ERCB Oops: Alberta Government Response to Tar Sands Pipeline Safety Report Riddled with Errors

Tar Sands Apologists Admit Not Reading Report Before Slamming It; Second Swing Also Misses Truth

WASHINGTON

Controversy surrounding Tar Sands Pipeline Safety Risks, the report released Wednesday by Natural Resources Defense Council, Pipeline Safety Trust, National Wildlife Federation, and Sierra Club, has underscored the need for more transparency from Canada's tar sands industries. The report highlights safety and public health issues associated with DilBit (diluted bitumen)-- a significantly more acidic and corrosive petroleum derived from tar sands oil -- being delivered with increasing frequency through underequipped American pipelines.

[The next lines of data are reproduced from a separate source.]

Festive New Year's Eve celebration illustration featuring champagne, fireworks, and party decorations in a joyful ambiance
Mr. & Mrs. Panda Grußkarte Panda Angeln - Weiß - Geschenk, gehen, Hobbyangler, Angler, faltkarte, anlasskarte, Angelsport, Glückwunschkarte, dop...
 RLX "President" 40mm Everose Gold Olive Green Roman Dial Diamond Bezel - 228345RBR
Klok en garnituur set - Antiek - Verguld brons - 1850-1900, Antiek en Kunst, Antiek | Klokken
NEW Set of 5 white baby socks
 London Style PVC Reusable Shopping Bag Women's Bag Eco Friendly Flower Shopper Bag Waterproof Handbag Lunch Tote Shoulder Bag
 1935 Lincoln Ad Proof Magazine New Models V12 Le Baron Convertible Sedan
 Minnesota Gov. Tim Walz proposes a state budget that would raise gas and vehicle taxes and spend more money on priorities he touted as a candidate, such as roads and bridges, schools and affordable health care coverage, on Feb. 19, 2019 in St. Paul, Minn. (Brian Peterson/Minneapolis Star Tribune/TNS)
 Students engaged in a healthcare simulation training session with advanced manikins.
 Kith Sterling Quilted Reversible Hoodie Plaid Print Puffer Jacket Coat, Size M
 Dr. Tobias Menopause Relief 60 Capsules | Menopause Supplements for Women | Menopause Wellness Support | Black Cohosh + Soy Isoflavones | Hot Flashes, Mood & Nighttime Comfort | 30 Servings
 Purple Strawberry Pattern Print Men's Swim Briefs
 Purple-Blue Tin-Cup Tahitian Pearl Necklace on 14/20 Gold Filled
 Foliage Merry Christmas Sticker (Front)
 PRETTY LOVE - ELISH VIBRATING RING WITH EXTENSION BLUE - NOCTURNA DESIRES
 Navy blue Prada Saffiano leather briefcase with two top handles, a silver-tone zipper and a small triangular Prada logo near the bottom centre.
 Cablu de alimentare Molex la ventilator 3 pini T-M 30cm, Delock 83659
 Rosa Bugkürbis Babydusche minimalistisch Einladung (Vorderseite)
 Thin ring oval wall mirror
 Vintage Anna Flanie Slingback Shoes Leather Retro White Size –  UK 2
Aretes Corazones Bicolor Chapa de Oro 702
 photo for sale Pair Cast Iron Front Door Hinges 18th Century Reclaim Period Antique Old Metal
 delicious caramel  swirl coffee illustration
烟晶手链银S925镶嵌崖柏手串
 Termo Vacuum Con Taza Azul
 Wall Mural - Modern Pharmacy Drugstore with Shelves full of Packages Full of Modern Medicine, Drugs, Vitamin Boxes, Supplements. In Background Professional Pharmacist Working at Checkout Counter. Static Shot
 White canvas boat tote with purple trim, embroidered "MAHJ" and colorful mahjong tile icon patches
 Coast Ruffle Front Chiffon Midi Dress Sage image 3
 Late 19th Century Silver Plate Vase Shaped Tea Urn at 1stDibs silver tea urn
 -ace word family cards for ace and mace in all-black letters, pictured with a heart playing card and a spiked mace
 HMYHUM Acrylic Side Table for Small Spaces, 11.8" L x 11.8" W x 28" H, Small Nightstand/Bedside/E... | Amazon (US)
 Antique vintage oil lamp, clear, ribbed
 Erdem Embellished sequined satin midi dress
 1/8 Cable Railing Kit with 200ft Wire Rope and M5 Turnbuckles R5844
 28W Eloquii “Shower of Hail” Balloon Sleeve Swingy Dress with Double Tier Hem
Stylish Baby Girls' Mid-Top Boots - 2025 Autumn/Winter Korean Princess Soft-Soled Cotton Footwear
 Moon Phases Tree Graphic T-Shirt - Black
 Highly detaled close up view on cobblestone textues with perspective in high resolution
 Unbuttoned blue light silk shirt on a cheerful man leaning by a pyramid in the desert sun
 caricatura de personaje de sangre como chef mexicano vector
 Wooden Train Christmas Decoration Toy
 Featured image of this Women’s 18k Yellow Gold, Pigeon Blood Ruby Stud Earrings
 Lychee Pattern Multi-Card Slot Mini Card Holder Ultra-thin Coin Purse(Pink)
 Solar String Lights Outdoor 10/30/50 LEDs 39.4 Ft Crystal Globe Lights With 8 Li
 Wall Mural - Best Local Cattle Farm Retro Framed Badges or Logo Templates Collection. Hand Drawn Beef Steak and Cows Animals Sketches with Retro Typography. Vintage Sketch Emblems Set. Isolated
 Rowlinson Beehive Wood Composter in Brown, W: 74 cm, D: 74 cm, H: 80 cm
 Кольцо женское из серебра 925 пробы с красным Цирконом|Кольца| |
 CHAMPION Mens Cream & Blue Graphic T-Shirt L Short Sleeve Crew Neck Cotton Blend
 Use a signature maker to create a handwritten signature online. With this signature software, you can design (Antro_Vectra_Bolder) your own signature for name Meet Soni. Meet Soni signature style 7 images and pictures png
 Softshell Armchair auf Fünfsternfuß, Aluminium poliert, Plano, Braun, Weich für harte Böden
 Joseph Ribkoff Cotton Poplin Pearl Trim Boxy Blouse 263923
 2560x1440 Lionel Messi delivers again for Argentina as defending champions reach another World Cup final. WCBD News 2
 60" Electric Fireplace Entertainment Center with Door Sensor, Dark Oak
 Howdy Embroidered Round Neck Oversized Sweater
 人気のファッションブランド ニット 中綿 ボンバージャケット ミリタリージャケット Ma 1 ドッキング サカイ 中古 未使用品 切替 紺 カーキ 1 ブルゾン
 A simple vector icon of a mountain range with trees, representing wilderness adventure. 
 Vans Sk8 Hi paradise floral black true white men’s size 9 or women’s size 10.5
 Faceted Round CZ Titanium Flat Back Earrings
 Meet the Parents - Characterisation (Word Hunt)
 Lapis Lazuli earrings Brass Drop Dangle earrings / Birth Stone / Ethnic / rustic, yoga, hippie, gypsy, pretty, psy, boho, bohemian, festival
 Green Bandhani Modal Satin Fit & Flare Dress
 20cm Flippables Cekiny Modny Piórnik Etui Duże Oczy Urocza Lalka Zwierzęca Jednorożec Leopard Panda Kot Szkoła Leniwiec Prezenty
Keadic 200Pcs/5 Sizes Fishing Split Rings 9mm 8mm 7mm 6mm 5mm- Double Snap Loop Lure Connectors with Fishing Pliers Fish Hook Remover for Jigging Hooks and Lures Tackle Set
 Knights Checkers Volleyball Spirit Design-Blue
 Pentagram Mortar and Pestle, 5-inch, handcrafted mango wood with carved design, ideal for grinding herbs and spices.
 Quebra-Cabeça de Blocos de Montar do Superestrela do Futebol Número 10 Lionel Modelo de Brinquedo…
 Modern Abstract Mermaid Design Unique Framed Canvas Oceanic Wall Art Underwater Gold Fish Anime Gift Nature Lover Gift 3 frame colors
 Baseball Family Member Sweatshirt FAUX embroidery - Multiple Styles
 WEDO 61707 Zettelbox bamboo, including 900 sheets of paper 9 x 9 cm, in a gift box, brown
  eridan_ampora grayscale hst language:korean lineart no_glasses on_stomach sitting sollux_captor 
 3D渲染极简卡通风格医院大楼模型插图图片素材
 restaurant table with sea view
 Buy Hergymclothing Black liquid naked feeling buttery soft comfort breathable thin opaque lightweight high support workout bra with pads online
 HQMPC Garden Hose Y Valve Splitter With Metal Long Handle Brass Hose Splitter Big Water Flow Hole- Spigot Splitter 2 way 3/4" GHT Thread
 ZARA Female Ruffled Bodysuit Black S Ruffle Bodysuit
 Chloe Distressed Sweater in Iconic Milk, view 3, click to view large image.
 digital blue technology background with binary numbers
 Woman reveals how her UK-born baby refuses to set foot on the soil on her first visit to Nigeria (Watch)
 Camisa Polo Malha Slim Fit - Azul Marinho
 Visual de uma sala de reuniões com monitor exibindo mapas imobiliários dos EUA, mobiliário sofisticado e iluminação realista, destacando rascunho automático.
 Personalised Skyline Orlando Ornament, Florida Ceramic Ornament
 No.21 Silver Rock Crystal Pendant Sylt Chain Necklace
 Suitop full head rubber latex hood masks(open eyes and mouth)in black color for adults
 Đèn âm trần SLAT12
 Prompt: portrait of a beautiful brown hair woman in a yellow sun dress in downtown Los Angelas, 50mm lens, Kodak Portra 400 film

The Alberta Government's Energy Resources Conservation Board (ERCB) reacted quickly and inaccurately in a press release questioning many of the report's conclusions.

However, Alberta's ERCB was forced to put out a second release conceding that they had not actually read the new pipeline report before attempting to debunk it. In both responses, the ERCB's claims remain disingenuous at best and require further response.

"While critics have claimed our report made apples to oranges comparisons--the arguments they used might be better equated to swiss cheese: soft and full of holes," said Susan Casey-Lefkowitz, director of the Natural Resources Defense Council International Program and a report co-author. "In order to paint a prettier picture, both statements by ERCB intentionally pointed in the direction of data that did not cover the impacts of diluted bitumen. Instead of taking our research head on, the industry provided yet another example of wanton attempts to use jargon and technicalities to greenwash an exceptionally damaging product."

The following are answers to the main inaccuracies in the Alberta Government response to the pipeline safety report.

"The ERCB is trying to hide the ball when it comes to diluted bitumen's impact on pipelines," said Casey-Lefkowitz. "This is not a game that they should be playing with questions so critical to the health of our communities and special places."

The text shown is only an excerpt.